Returns the collection as is if the path is missing.

has_path(coll, path)

Checks if path exists in the given nested collection:

has_path({"a": {"b": 42}}, ["a", "b"]) # -> True
has_path({"a": {"b": 42}}, ["c"])  # -> False
has_path({"a": [1, 2]}, ["a", 0])  # -> True

Data manipulation

where(mappings, cond) lwhere(mappings,cond)

Looks through each value in given sequence of dicts and returns an iterator or a list of all the dicts that contain all key-value pairs in cond:

lwhere(plays, author="Shakespeare", year=1611)
# => [{"title": "Cymbeline", "author": "Shakespeare", "year": 1611},
#     {"title": "The Tempest", "author": "Shakespeare", "year": 1611}]
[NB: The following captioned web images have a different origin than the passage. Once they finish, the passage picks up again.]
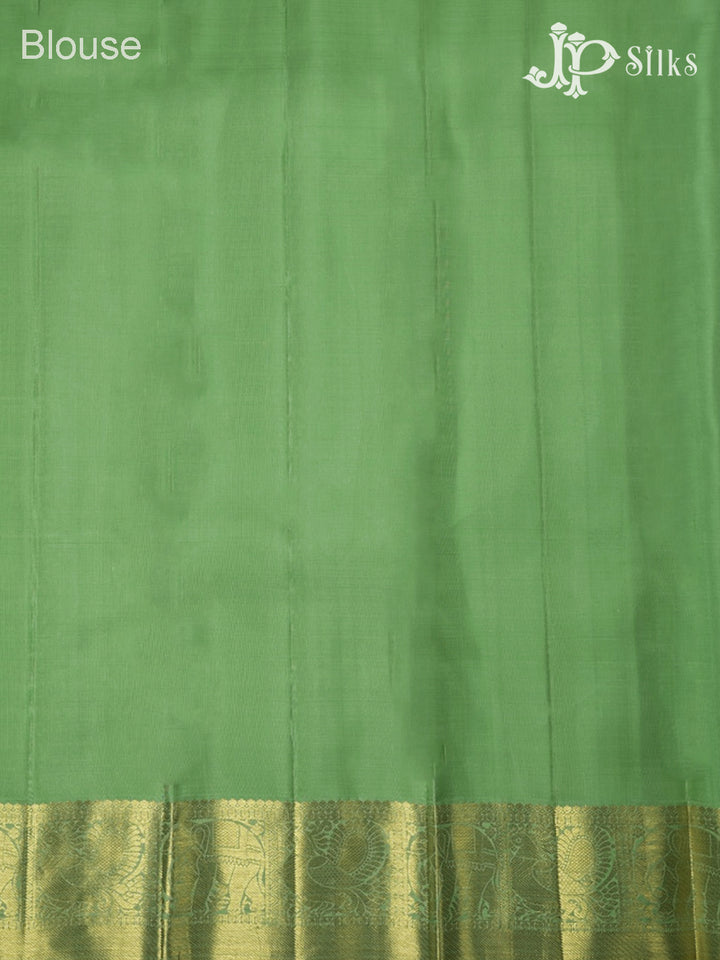 Light Green Kanchipuram Silk Saree - F3 - View 6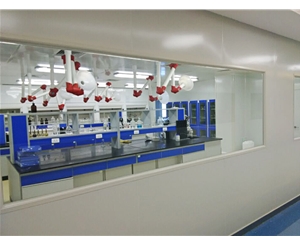 天津利民調(diào)料有限公司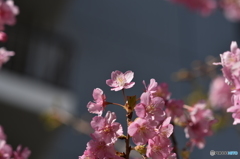 春色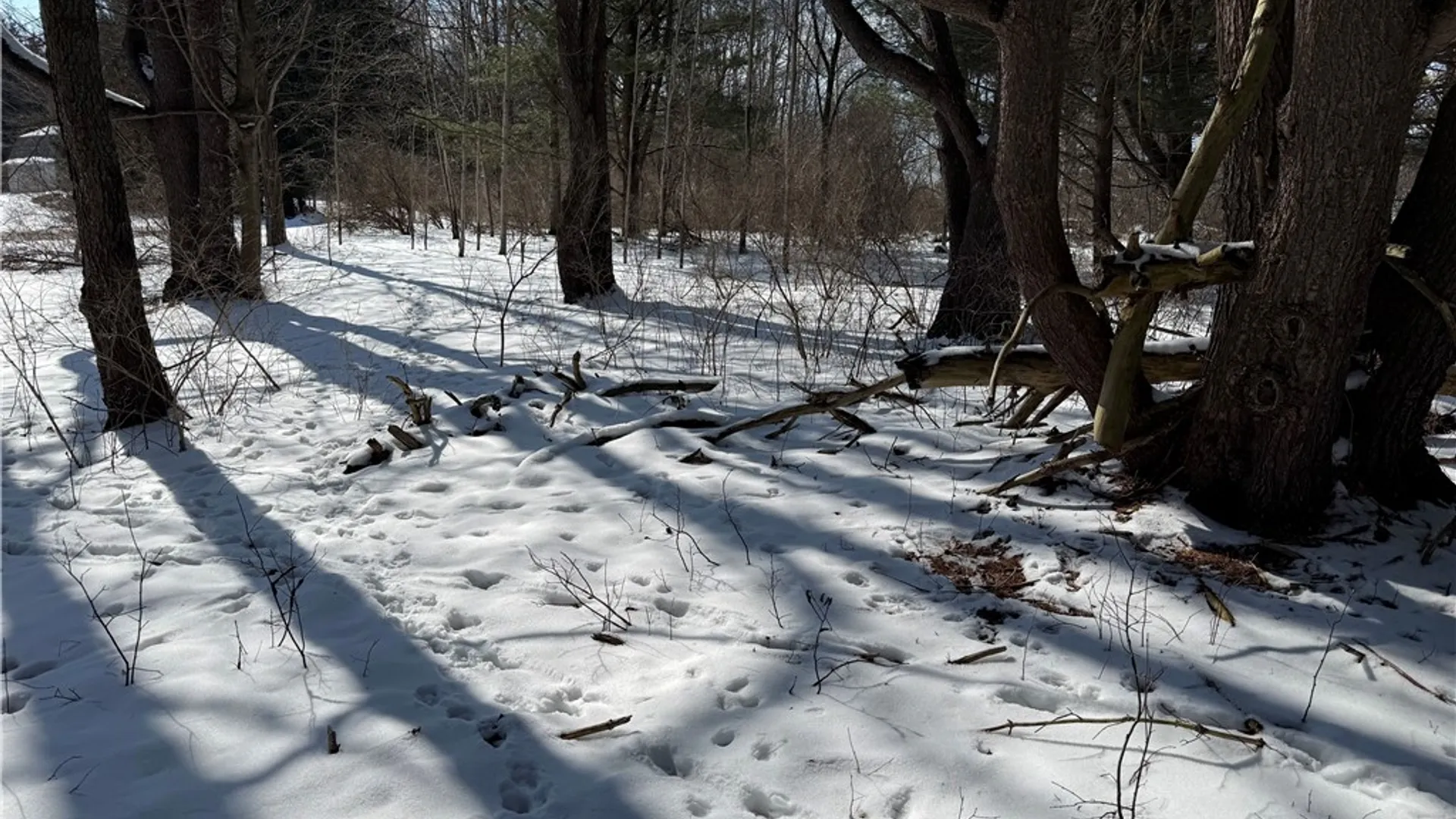 Property at 0 Rt-39, Eagle, NY 14024 7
Iterator version could be used for efficiency or when you don't need the whole list. E.g. you are looking for the first match:

first(where(plays, author="Shakespeare"))
# => {"title": "The Two Gentlemen of Verona", ...}

pluck(key, mappings) lpluck(key, mappings)

Returns an iterator or a list of values for key in each mapping in the given sequence. Essentially a shortcut for:

map(operator.itemgetter(key), mappings)

pluck_attr(attr, objects) lpluck_attr(attr, objects)

Returns an iterator or a list of values for attr in each object in the given sequence. Essentially a shortcut for:

map(operator.attrgetter(attr), objects)

Useful when dealing with collections of ORM objects:

users = User.query.all()
ids = lpluck_attr('id', users)

invoke(objects, name, args,kwargs) linvoke(objects, name,args, **kwargs)

Calls named method with given arguments for each object in objects and returns an iterator or a list of results.

Content tests

is_distinct(coll, key=identity)

Checks if all elements in the collection are different:

assert is_distinct(field_names), "All fields should be named differently"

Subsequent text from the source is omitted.